Ask HN: Thoughts – will Microsoft ever publish Excel for Linux?
For almost all my use cases, the online version of Office is wonderful. Yes, there is advanced functionality in Word, in Powerpoint, etc. that aren't 100% compatible, but wow, what a fantastic accomplishment by the Microsoft team in making it available by browser.
It would be incredible if MS could publish Excel on Linux. What are the technical limitations preventing this?
12 comments
[ 3.0 ms ] story [ 17.1 ms ] threadI seem to remember about 30 years back MSFT produced something (Word? Excel? IE?) for Linux (or UNIX?). It died within six months or so.
Yep, that's probably it. I was using Solaris round about that time.
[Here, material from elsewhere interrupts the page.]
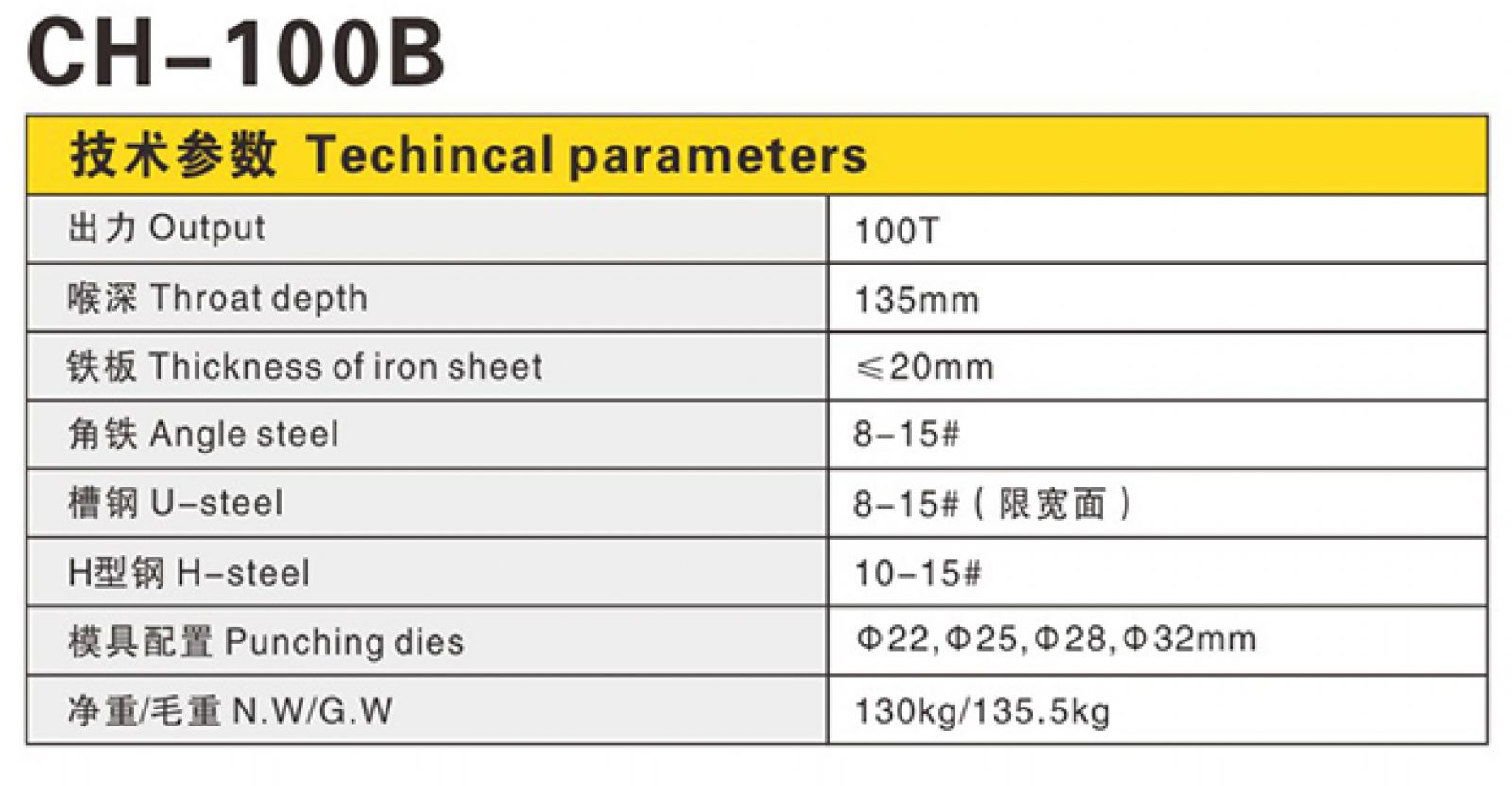 Thông số kỹ thuật Đột lỗ thủy lực 100 tấn CH-100B:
I have a licenced version of Windows and Office in a virtual machine so I have already bought Windows AND Office for Linux in a way since I never intend to use them standalone. If Office worked perfectly under wine/proton it would be awesome. It has been close at times with different versions. Unfortunately nobody here much likes the vm experience as I don't have a second video card for accelerated video and it isn't seamless so they generally use online Office that lacks features or struggle with LibreOffice which has a lot of bug and differences.
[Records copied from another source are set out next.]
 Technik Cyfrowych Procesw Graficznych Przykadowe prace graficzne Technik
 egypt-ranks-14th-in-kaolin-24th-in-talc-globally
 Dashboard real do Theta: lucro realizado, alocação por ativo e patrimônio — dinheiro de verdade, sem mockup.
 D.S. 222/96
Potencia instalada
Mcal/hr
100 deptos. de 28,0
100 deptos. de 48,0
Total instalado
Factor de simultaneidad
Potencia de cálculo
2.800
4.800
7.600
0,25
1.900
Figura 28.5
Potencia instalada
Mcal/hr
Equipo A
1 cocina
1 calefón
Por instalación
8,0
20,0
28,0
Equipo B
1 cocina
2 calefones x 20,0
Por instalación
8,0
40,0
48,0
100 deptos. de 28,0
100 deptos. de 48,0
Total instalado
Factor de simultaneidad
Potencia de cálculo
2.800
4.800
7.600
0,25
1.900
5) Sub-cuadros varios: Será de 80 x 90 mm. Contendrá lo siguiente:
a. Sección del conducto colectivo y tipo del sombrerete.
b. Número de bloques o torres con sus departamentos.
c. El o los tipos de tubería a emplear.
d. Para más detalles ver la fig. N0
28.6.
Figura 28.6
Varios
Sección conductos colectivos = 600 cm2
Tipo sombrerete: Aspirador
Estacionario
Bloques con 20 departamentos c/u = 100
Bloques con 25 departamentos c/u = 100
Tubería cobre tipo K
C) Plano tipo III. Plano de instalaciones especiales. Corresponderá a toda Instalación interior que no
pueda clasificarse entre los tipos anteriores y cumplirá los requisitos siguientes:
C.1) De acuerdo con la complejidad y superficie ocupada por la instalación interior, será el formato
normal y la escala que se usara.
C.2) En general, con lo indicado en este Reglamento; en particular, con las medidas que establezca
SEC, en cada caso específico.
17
The idea that all linux users will not pay for software is wrong however it is a very small market as can be seen from the Steam hardware survey. Most Linux users would prefer their data in open formats but since I don't personally use office suites and my kids home work is ephemeral I simply don't care. I am happy to spend money on Steam where I own Microsoft produced games that are played exclusively on Linux.
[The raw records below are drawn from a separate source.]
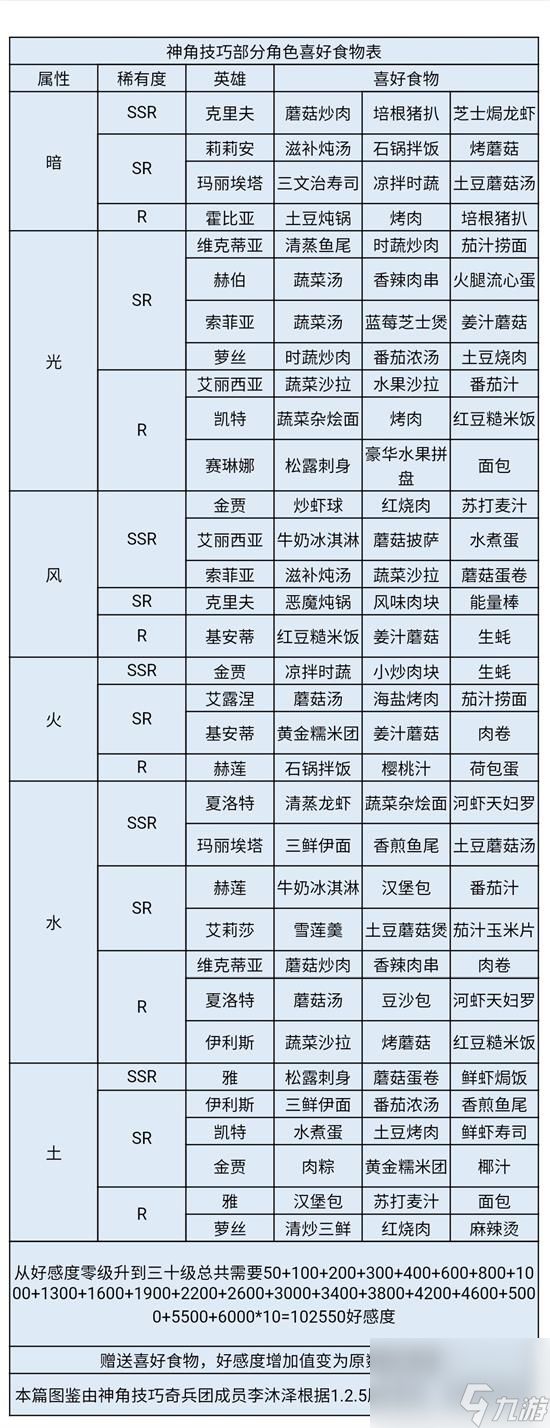 神角技巧SSR索菲亚喜好什么 神角技巧SSR索菲亚喜好一览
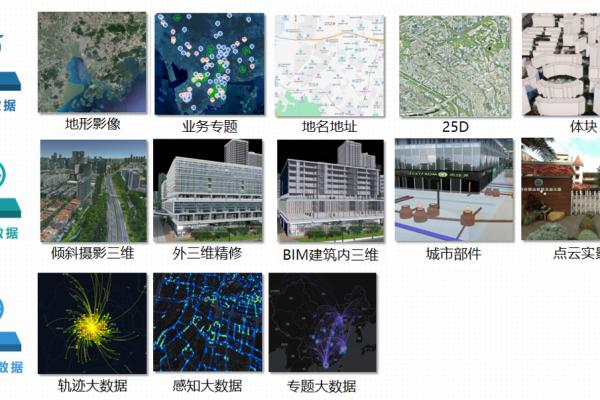 智慧城市时空大数据服务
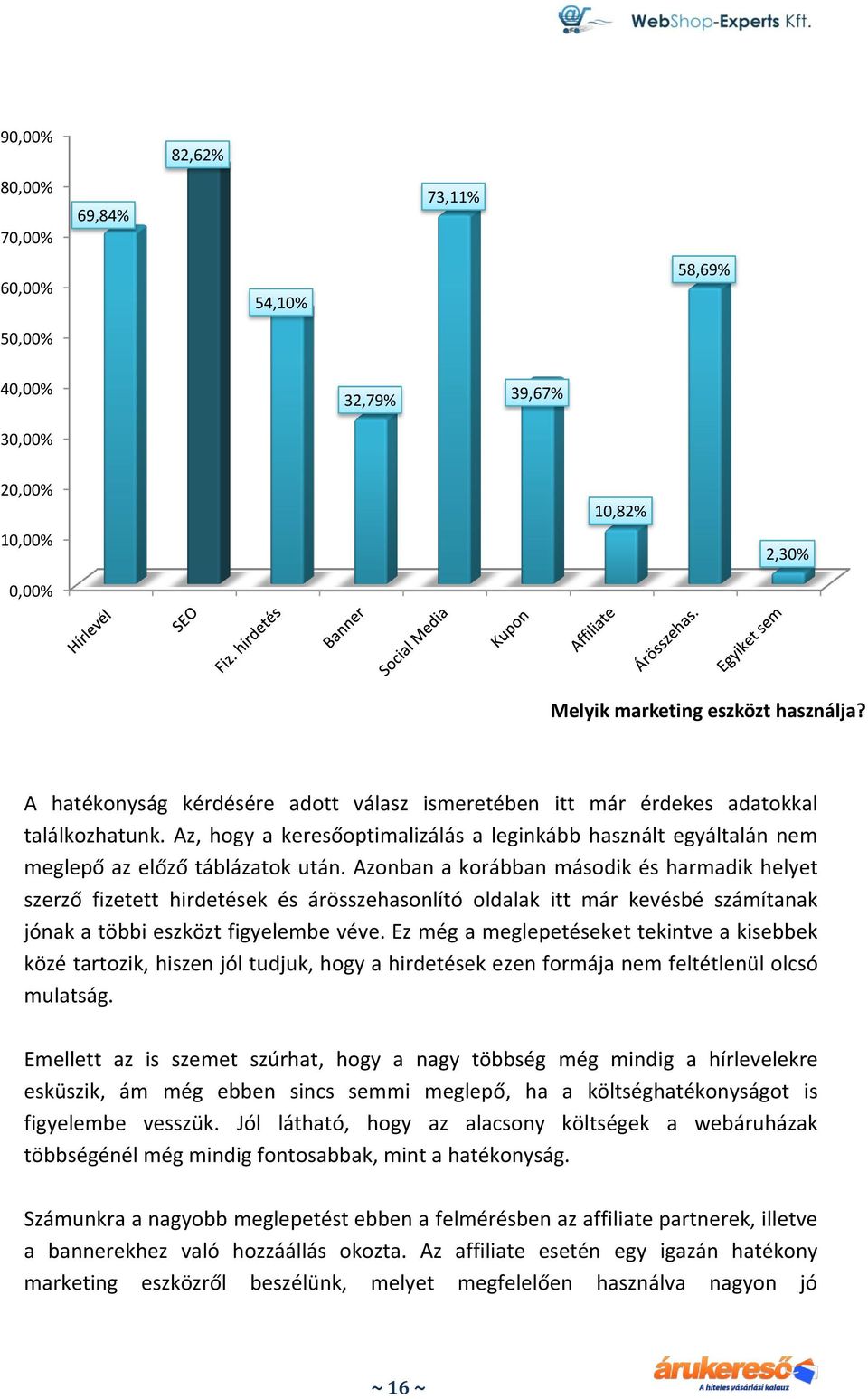 Azonban a korábban második és harmadik helyet szerző fizetett hirdetések és árösszehasonlító oldalak itt már kevésbé számítanak jónak a többi eszközt figyelembe véve.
Just porting all of the ODBC and COM/DCOM stuff would be a nightmare that even Microsoft is backing away from with the rise of Office365.
I think they would rather all those legacy input formats and data link tech died with windows but if they did decide to port it, you would end up with half of windows itself ported across to make it work and nobody is going to pay for that.
Office365 neatly bypasses all of it by not supporting all that old desktop style workflow and pushing OneDrive as your storage. My guess is even windows users will end up with web versions of office, since they already seem to treat the desktop stuff as a legacy setup.